Elgamal encryption cycle blowup in Miden vm

[nlok5923]

Hey Team!

At RizeLabs we have been designing the encryption architecture for Aze Poker which we are building on top of Polygon Miden. We are implementing barnett smart protocol for fair gameplay by enabling every player to fairly participate in maintaining privacy of the Poker Cards.

In barnett smart protocol the encryption function is defined as

M: Is the point on curve (in case of miden ecgFp5 curve) (We are maintaing a public one to one mapping f(C) -> M where C is plaintext card and M is point on curve)
r: Is the masking factor private to player
G: Generator point (generate point of ecgFp5 in case of Miden VM)
H: aggregated public key

The encryption requires mainly

• Two scalar multiplication
• One addition

Further, the protocol defines an operation remasking (to remask the card before shuffling) to make sure player can't maintain mapping of cards and deduce the original order

The remasking function is defined as

The remasking function requires

• Two scalar multiplication
• Two addition

As, per the game design we are planning to implement procedures encrypt_and_shuffle and remask_and_shuffle in player accounts. To enable players to encrypt/remask and shuffle the cards.

But since the deck contains a total of 52 cards and encrypting/remasking cards would require a total atleast 104 scalar multiplication and atleast 104 additions. Which should be done at each player.

This much amount of computation on user device could affect the UX quite a bit.

Is there any possibility of having some sort precompiles in miden vm so that we can limit the cycle count and make these as native vm operations ?

More details around encryption design is available here

Barnet smart protocol (Mental poker)

• https://geometry.xyz/notebook/mental-poker-in-the-age-of-snarks-part-1
• https://geometry.xyz/notebook/mental-poker-in-the-age-of-snarks-part-2

cc @Dominik1999 @gubloon

[Dominik1999]

Thanks @nlok5923 !

For more context: On a M3 Pro (18gb RAM) calling the gen_mul procedure 26 times in a single note script (this many times we need at least for 13 cards) is taking around 30 seconds to create + consume + state syncing. Considering the fact that this process would occur four times at each player account it would take around 2 minutes which might be feasible for the POC.

However, this is definitively worse UX than player online poker on PokerStars.

Potential alternative: Encrypting outside the VM

An alternative approach could be not to encrypt or decrypt inside the VM. In theory, this can happen outside the VM.

Shuffling:

1. The game account sends a note with 52 cards unencrypted to Alice. The cards are inputs to the note.
2. Alice reads the note inputs and encrypts them outside the VM
3. In a transaction, she
   • injects the array of encrypted cards via NoteArgs
   • shuffles the encrypted array
   • creates a new note to Bob with the encrypted and shuffled array of cards as inputs
4. Bob reads the note inputs and encrypts them outside the VM
5. ...

Dealing:

1. The game account sends Alice two cards of the encrypted deck as note inputs
2. Alice decrypts her cards locally (either inside the VM or outside)

Betting:

1. There is no encryption needed during the betting phase

Revealing:

1. Every player when folding, will send the cards back to the Game Account.

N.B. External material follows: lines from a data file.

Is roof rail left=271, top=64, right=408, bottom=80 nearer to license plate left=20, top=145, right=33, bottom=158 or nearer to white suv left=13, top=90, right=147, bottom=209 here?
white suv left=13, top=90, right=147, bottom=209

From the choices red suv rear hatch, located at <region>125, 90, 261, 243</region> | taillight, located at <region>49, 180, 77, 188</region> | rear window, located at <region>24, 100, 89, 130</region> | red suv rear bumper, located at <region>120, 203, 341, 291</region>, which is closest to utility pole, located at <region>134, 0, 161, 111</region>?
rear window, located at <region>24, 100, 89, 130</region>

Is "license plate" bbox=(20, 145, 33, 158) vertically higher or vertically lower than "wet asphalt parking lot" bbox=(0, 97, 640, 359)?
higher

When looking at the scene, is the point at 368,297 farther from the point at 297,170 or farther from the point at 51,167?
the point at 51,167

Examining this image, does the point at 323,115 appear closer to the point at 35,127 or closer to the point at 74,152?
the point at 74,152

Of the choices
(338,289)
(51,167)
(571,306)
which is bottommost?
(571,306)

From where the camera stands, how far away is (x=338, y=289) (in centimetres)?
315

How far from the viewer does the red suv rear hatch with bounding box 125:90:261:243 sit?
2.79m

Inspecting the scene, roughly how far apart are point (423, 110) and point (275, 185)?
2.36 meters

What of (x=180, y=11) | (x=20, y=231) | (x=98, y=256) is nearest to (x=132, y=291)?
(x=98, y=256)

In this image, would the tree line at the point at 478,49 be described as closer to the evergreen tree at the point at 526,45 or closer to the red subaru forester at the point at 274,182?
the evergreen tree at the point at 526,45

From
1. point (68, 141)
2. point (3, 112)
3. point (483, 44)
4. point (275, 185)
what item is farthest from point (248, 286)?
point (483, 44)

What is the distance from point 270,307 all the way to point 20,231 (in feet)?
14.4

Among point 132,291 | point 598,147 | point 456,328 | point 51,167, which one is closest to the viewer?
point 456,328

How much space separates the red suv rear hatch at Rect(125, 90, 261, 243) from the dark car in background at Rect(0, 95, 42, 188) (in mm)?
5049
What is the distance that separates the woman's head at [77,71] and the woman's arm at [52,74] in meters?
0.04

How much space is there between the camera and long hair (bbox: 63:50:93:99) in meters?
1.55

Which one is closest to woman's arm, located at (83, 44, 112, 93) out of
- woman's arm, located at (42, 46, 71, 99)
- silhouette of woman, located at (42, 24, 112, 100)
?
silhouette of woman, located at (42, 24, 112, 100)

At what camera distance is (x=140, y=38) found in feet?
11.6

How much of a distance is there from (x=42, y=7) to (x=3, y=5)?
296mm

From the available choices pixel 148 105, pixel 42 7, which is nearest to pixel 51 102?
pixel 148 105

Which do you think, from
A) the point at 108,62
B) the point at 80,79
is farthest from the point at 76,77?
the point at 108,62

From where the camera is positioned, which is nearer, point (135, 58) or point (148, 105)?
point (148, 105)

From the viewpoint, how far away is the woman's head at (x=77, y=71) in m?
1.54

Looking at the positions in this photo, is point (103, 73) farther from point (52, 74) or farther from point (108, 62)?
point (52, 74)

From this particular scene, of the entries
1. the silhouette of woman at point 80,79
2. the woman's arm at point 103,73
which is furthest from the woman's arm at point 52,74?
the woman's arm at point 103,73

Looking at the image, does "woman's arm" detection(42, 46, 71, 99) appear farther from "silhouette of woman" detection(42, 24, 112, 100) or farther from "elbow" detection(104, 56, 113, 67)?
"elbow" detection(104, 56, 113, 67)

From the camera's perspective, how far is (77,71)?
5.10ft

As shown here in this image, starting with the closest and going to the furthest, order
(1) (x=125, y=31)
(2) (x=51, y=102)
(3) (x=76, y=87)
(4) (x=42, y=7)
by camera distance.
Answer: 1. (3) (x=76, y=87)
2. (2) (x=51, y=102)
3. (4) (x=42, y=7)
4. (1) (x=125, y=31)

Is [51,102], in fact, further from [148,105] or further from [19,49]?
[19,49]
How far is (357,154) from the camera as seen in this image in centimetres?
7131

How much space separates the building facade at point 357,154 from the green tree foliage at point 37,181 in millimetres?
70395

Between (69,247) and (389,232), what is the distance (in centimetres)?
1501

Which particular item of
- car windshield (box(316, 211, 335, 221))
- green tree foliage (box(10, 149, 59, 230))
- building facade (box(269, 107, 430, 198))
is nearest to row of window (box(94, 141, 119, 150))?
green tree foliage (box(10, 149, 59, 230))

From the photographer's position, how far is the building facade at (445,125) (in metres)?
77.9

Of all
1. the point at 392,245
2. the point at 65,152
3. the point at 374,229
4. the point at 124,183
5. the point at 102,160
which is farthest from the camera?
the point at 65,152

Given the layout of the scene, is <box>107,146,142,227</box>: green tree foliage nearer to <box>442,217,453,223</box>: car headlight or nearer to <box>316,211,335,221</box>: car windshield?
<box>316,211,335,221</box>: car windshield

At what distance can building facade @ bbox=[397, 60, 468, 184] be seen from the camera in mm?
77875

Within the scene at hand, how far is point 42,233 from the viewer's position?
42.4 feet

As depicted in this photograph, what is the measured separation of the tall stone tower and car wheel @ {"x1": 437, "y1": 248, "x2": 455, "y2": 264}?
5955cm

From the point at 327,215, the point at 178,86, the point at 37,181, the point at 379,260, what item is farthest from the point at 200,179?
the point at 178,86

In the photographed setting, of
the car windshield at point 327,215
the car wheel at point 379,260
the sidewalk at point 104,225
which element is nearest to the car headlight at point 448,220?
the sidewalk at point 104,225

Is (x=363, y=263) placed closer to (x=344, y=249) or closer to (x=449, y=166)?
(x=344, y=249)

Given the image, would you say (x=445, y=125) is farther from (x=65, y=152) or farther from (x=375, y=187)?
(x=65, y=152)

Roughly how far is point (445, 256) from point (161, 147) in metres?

There can be a sanity check inside the VM, that at the end there is a full deck.

Potential Attack Vector:

• Alice could sneak in any card twice or she could use a malformatted deck (for a PoC we could have stronger trust assumptions)
• ...

Potential alternative: Using precompiles / chiptles

We could try to speed up el gamal or any other scheme by building a specialized chiplet for the Miden VM. https://0xpolygonmiden.github.io/miden-vm/design/chiplets/main.html .

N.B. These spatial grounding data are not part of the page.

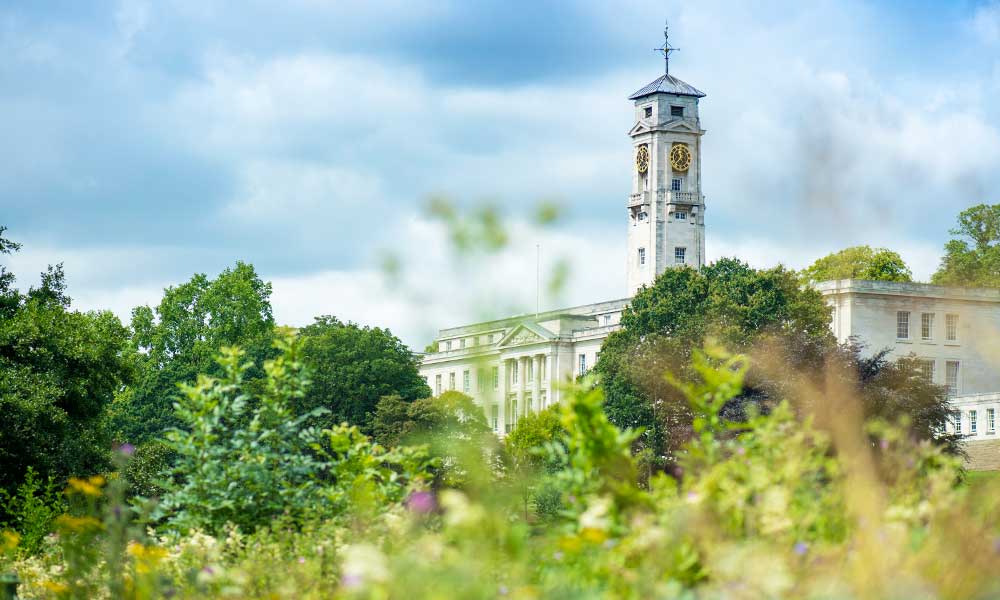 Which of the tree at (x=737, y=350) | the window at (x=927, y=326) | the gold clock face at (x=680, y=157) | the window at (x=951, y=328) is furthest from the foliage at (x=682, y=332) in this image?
the gold clock face at (x=680, y=157)

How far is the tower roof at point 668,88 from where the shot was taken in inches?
4173

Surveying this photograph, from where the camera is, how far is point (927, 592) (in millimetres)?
5121

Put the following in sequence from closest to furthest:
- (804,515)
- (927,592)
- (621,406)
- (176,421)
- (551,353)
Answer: (927,592) < (804,515) < (621,406) < (176,421) < (551,353)

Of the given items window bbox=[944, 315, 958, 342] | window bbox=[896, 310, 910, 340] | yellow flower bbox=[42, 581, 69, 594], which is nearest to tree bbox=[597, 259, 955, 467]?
window bbox=[896, 310, 910, 340]

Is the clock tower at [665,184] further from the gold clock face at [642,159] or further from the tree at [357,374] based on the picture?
the tree at [357,374]

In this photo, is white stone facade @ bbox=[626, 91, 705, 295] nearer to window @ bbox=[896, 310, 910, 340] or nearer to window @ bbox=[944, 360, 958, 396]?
window @ bbox=[896, 310, 910, 340]

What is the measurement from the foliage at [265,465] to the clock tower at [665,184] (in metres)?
89.4

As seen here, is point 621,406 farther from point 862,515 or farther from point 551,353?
point 862,515

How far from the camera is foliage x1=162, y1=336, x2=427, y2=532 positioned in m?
12.4

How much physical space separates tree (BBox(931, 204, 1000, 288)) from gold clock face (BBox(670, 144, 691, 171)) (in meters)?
22.6

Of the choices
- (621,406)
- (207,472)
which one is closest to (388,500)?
(207,472)

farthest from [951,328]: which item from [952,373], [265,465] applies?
[265,465]

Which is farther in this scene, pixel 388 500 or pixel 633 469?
pixel 388 500

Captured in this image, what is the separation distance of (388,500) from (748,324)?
49.1 metres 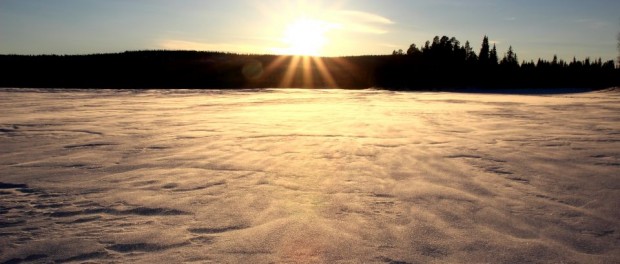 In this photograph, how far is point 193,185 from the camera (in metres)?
3.64

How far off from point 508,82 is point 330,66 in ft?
56.4

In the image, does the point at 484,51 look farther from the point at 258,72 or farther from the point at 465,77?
the point at 258,72

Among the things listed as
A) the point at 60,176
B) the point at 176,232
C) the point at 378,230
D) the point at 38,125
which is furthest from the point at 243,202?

This might take longer than the 4 weeks we have, but if you wanna give it a try.

[Al-Kindi-0]

An alternative to solve the problem with expensive encryption is to work with a mock encryption scheme. The ElGamal scheme requires a cyclic group (usually of prime order in order to avoid some attacks). What we can do is use the multiplicative sub-group of the field as our cyclic group. This way all operations become just an exponentiation or a multiplication in our base field.
Here is a rough implementation of the idea.
The main thing that is still not clear to me is related to the shuffle argument and how it is implemented in the above.